At their practice, Kaminsky does spiritual readings for clients that draw upon Kabbalah, Tarot and the Akashic records — a reference library of everything that has ever happened, which spiritual mediums believe resides in another dimension. Kaminsky incorporates Jewish prayers into their spellwork, like reciting the Psalms of David when doing candle spells and the B’sheim Hashem as a magical invocation.
Kaminsky grew up in a Conservative Jewish household and learned the basic concepts of Kabbalah in Jewish day school.
“Kabbalah looks at Judaism through a cosmic, mystical lens that clicked for me a lot more than looking at a story from the Torah,” Kaminsky said. “As I read more Kabbalah, I started feeling more connected to my Judaism.”
Various scholars and rabbis have linked Kabbalah to Tarot, a deck of cards originally used in the mid-15th century to play games that evolved to divinatory practices in the 18th century (though Jacobi, for one, refutes this idea, claiming the connection has never been proven). The Tarot’s Major Arcana — the trump cards of the deck, which detail the evolution of one’s soul — usually make up 22 cards in any given pack, a meaningful Jewish number: the same as the number of letters in the aleph-bet, and the number of pathways on the Kabbalistic Tree of Life.
For their energy work, Kaminsky draws parallels between the chakras, energy points in the body discussed in Hinduism, and the Kabbalistic Tree of Life.
“The Tree of Life is an energy network,” they said. “There’s the meridians of energy, and the chakras are like the middle pillar.”
Mystical practices were a part of Jacobi’s upbringing.

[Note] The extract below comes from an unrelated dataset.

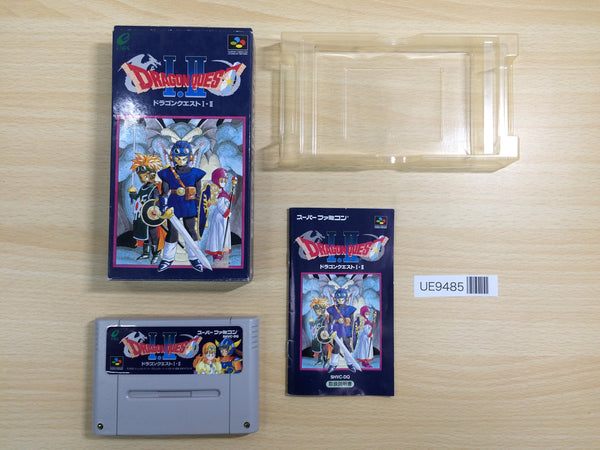 UE9485 Dragon Quest 1 & 2 BOXED SNES Super Famicom Japan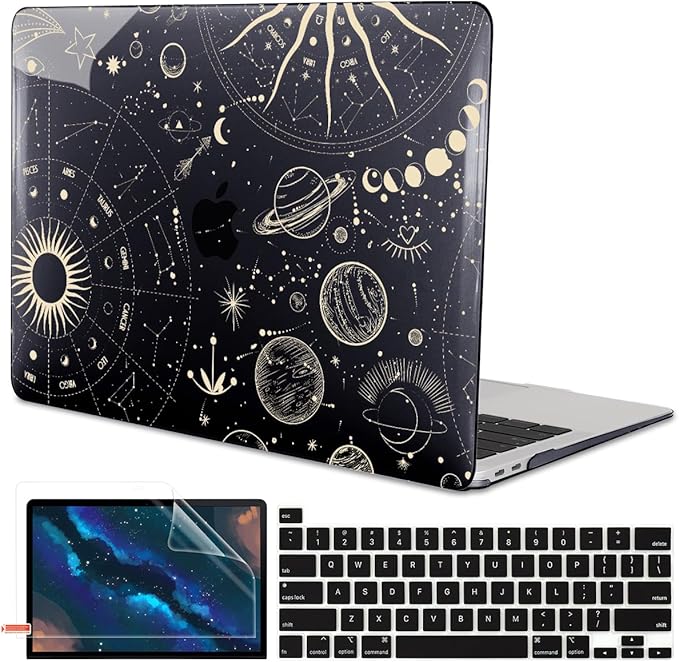 LCMOCICO Compatible with MacBook Pro 13 inch Case 2022 2021-2016 A2338 M2/M1 A2251 A2289 A2159 A1989 A1706 Model, Pattern Plastic Hard Shell Keyboard Cover Screen Film Webcam Cover, Constellation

Her parents practiced Kabbalah, metaphysics, folklore and folk mythology. They have attended the same local Chabad since Jacobi was three years old.
Thanks to these experiences, Jacobi is comfortable living “out of the broom closet” (a tongue-in-cheek term modern witches use to refer to openly practicing witchcraft). She grew up with astrology, used tarot cards on Shabbat and played with her mother’s rose quartz crystal ball while her father led Havdalah prayers. The Jewitches blog and podcast are filled with mythological creatures with origins in Jewish beliefs, like dybbuks, werewolves, dragons and vampires.
Some creatures are unique to Jewish lore: the vampiric Alukah, a blood-sucking witch referred to in Proverbs 30, turned out to be Lilith’s daughter, while a Broxa originated as a bird from medieval Portugal that drank goat’s milk and sometimes human blood during the night.
“Whenever there have been dire times throughout history, people have turned to mysticism; that’s how Kabbalah emerged,” Erev said. “We need to look to our ancestors for guidance. There are a lot of tools in our human community for healing and re-dreaming and creating a world that is safe and generative for all beings.”
Kaminsky thinks magic has the power to repair the world: “Almost all of our Jewish spells are for the sake of healing. Tikkun olam, using our magic to repair the world, is beautiful.”